From Optimisation to Counterfactual Civilisation
Consider how governance shifts when systems move from static diagnosis to counterfactual simulation.
A traditional government asks which roads to repair this year. An AI-enabled system integrates road conditions, traffic, accident history, and maintenance costs.
The far more interesting system asks:
- What happens if we don’t repair this road?
- Which assets fail next, and how does traffic redistribute?
- What intervention today minimises total infrastructure expenditure over twenty years?
- How do rainfall projections, land-use changes, population growth, and energy grid demands interact?
Suddenly the system isn’t simply diagnosing the city—it is constructing counterfactual futures. The purpose of a digital twin is no longer merely to reconstruct reality, but to test futures before they are imposed upon the physical world.
Observe → Reconstruct → Understand → Simulate → Choose → Intervene → Measure → Learn
The feedback loop gets progressively shorter.
Hastening Utopia
AI can reduce the distance between a desirable future and our ability to discover a feasible pathway toward it.

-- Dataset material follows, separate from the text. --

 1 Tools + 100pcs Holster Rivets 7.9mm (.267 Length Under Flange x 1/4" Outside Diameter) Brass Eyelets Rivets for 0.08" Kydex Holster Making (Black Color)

We know children shouldn’t die from preventable diseases. We know cities shouldn’t flood because drains weren’t maintained. We know water shouldn’t disappear through leakage. We know welfare should reach eligible citizens without friction.
Many of these are not unresolved philosophical questions. Failures occur because information is fragmented, responsibility is distributed, predictions are weak, budgets are constrained, and institutions move slowly.

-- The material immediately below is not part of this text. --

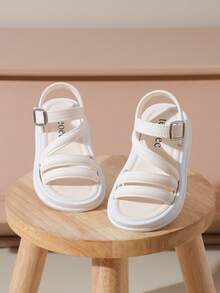 New Green Girls' Fashion Open Toe Princess Shoes, Soft Bottom, Wear-Resistant, Fresh Style, Lightweight Breathable Non-Slip Thick Sole Girls Sandals - Champagne - View 3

These are precisely the constraints intelligence can attack. AI can compress the arc from problem to intervention.
Utopia is not a static destination; it is an increasing velocity at which civilisation can search for better states and navigate conflicting objectives.
The Residual Human Problem
Suppose AI becomes extraordinarily good at discovering Pareto improvements and designing transition pathways. What remains?
The irreducible disagreements.
A forest cannot be both untouched wilderness and physical housing. A secret cannot simultaneously be known and unknown to the state. Present consumption and preservation for future generations will sometimes conflict.
At that boundary, AI can make clear what follows from each choice. But someone still has to choose.
This may ultimately be the primary role of human beings in a world of abundant intelligence: not calculating consequences, but deciding among remaining futures once every avoidable trade-off has been removed.
Intelligence, Judgment, and Responsibility
Anyone can want something, but the deeper scarce resource is responsibility.
The politician’s hardest sentence is not "I have calculated the optimal policy." It is:
"I understand who this choice harms, I understand what alternatives exist, and I still believe this is the future we should choose."
AI can make that statement much more informed. It cannot automatically make it morally legitimate. As the cost of producing possibilities collapses, the burden moves toward choosing among them. And choice creates responsibility.
The Possibility Frontier
In economics, every society operates inside a possibility frontier.
Politics frequently concerns movement along that frontier: choosing more environmental protection but less industrial production, or more public spending but higher taxation.
Technological progress moves the frontier outward. AI moves the frontier in two ways simultaneously: by creating new technologies, and by discovering better configurations of technologies, institutions, and resources we already possess.
When a policymaker is told "you can save the jobs or save the environment," the first response of an intelligence-rich society should be:
Prove that those are the only two possible futures. Search harder. Simulate more. Change the time horizon. Change the financing. Sequence the transition differently. Invent something that changes the constraint.
And only when all of that fails do we confront the genuine moral trade-off.
Intelligence clears away everything we mistakenly thought required judgment. What remains is deciding which future is worth choosing when reality truly will not let us have them all.